>>>>>
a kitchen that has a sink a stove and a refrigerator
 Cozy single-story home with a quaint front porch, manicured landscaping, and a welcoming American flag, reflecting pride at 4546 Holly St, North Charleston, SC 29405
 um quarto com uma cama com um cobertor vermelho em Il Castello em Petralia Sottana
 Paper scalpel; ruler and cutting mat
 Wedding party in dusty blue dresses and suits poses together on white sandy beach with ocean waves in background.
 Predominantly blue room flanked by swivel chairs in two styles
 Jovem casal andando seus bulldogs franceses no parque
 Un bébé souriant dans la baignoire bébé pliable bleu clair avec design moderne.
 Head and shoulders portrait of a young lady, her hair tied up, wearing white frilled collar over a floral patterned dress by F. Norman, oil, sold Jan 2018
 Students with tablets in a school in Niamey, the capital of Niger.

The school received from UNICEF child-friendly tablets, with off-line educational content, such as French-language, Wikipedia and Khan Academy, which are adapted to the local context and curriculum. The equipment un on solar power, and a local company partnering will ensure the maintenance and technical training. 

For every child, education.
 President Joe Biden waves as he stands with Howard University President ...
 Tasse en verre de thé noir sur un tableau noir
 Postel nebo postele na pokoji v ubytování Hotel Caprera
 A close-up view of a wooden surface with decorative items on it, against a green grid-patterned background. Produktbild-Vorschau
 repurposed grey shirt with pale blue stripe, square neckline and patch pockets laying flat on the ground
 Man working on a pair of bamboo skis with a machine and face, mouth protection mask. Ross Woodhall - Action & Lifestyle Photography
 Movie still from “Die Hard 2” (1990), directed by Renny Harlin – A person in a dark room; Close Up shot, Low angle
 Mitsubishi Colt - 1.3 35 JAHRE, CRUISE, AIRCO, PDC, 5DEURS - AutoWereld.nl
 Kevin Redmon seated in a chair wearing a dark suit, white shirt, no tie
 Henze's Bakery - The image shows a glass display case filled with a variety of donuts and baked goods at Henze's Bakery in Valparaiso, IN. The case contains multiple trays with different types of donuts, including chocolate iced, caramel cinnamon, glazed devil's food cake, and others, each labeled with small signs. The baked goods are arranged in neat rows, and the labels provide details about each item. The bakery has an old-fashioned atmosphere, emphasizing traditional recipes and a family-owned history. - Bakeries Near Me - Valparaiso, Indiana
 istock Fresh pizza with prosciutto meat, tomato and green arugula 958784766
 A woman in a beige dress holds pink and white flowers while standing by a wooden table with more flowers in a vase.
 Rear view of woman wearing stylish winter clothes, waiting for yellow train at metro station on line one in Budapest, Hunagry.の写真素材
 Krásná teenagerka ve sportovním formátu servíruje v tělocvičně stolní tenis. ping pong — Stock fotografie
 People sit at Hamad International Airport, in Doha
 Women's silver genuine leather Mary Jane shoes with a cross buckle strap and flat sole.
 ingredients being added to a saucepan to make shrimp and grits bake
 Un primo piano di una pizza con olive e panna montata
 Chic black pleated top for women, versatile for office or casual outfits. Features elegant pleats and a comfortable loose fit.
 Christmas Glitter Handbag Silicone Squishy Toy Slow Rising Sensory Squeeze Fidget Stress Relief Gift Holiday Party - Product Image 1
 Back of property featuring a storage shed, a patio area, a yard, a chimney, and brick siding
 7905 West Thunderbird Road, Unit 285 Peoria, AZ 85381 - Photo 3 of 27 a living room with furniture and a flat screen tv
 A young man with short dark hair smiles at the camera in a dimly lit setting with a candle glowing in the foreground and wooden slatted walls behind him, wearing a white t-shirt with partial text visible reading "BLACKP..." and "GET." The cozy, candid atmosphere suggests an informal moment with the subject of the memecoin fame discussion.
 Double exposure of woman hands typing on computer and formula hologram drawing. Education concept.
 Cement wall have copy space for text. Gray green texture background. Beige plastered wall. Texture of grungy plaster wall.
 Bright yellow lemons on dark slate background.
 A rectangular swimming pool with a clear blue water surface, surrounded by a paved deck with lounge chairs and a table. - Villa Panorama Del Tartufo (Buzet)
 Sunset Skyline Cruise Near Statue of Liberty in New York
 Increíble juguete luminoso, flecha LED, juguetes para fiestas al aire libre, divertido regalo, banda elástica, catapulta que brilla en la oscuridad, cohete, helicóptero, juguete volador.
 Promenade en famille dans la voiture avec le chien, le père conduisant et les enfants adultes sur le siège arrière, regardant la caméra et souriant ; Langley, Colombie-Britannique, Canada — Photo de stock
<<<<<
__WHAT NEEDS TO BE DONE__: Once a line of the records is found to contain "from", copy it out.

__REPLY TO THE EXERCISE__:
The school received from UNICEF child-friendly tablets, with off-line educational content, such as French-language, Wikipedia and Khan Academy, which are adapted to the local context and curriculum. The equipment un on solar power, and a local company partnering will ensure the maintenance and technical training. 
 Movie still from “Die Hard 2” (1990), directed by Renny Harlin – A person in a dark room; Close Up shot, Low angle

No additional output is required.